### Your objective
Each record below needs to be reproduced precisely, though not its pictures.

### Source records

++++++++

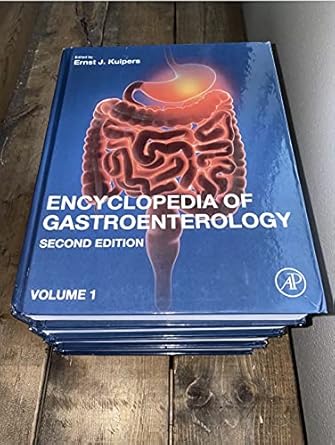 encyclopedia of gastroenterology 1st edition ernst j kuipers 0128124601, 978-0128124604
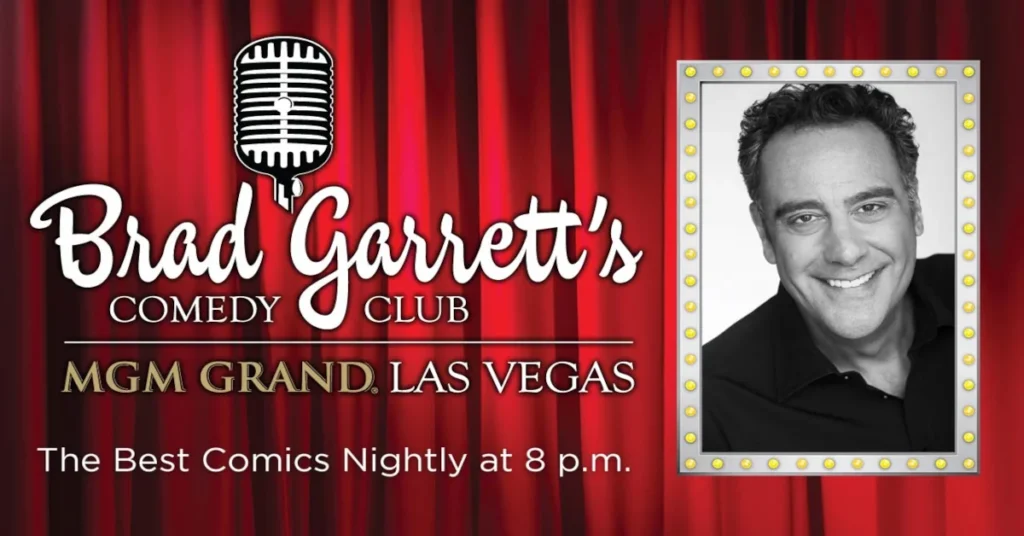 Brad Garrett's Comedy Club Las Vegas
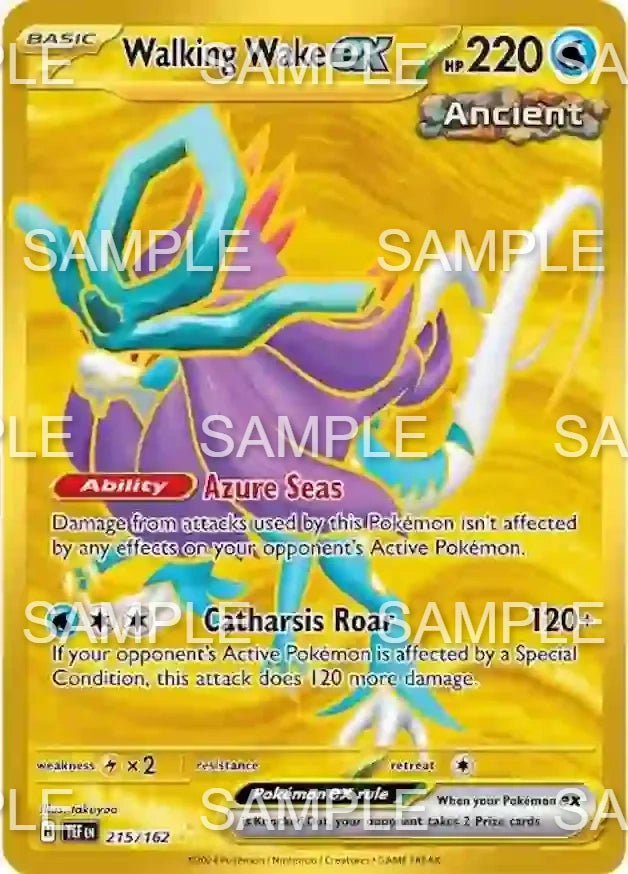 215 Windewoge ex - Walking Wake ex - TEF 215/162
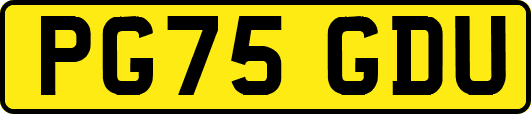 PG75GDU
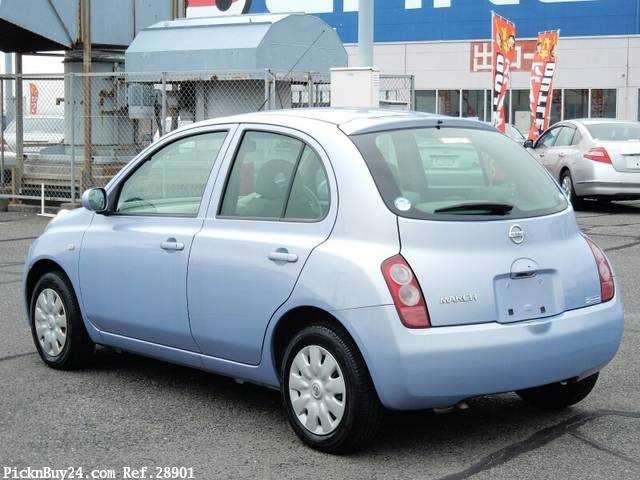 nissan march 2002 28901 image 2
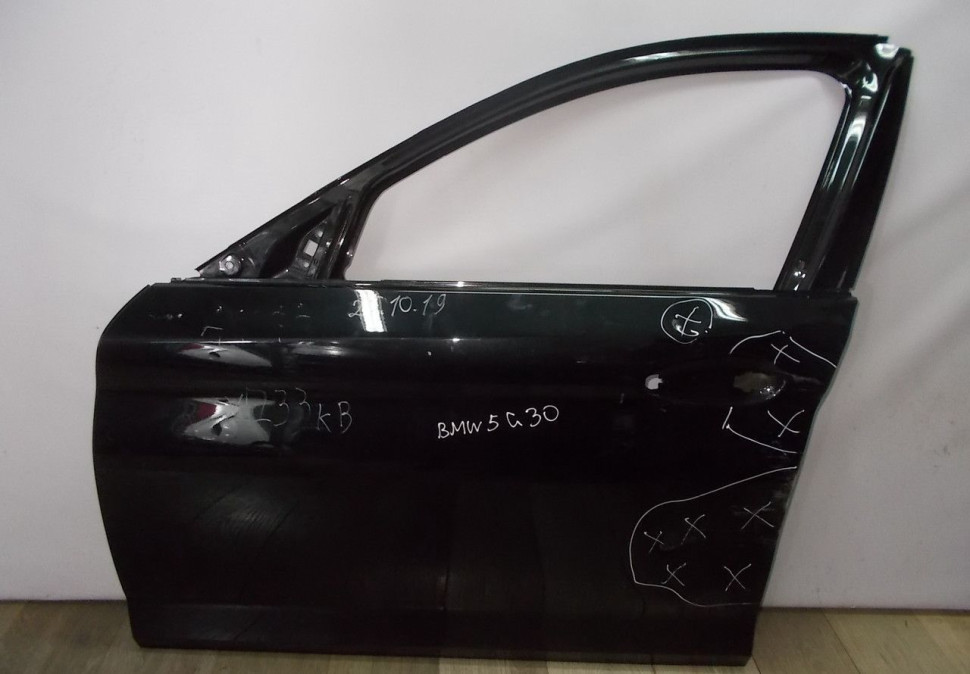 Дверь передняя левая бу BMW 5 G30 OEM 41007408961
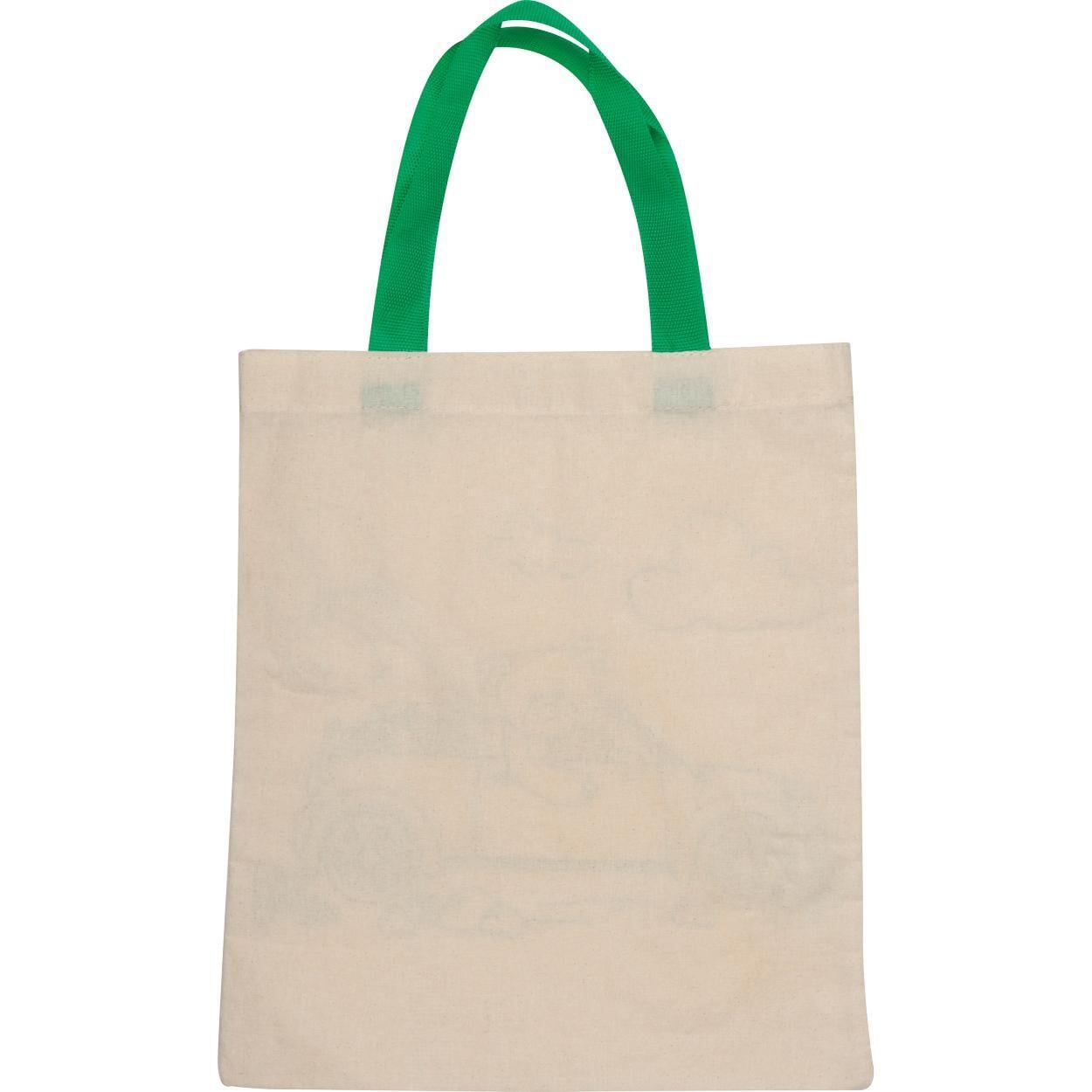 Katoenen kleurtas sample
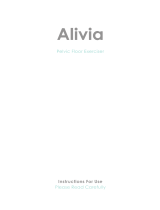 TensCare ALIVIA User manual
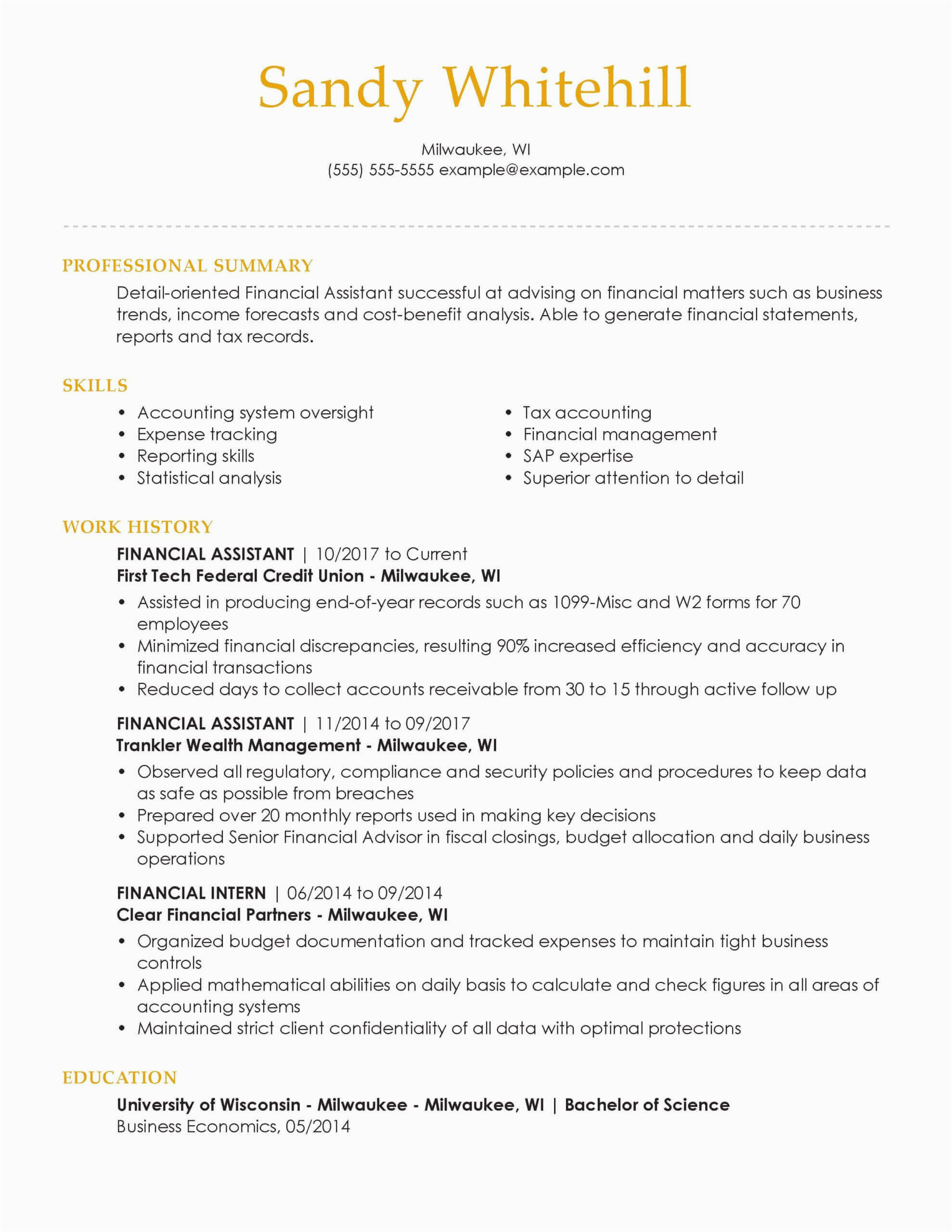 Sample Resume to Apply for Bank Jobs Professional Banking Resume Examples for 2021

++++++++

### Result for this exercise
 encyclopedia of gastroenterology 1st edition ernst j kuipers 0128124601, 978-0128124604
 Brad Garrett's Comedy Club Las Vegas
 215 Windewoge ex - Walking Wake ex - TEF 215/162
 PG75GDU
 nissan march 2002 28901 image 2
 Дверь передняя левая бу BMW 5 G30 OEM 41007408961
 Katoenen kleurtas sample
 TensCare ALIVIA User manual
 Sample Resume to Apply for Bank Jobs Professional Banking Resume Examples for 2021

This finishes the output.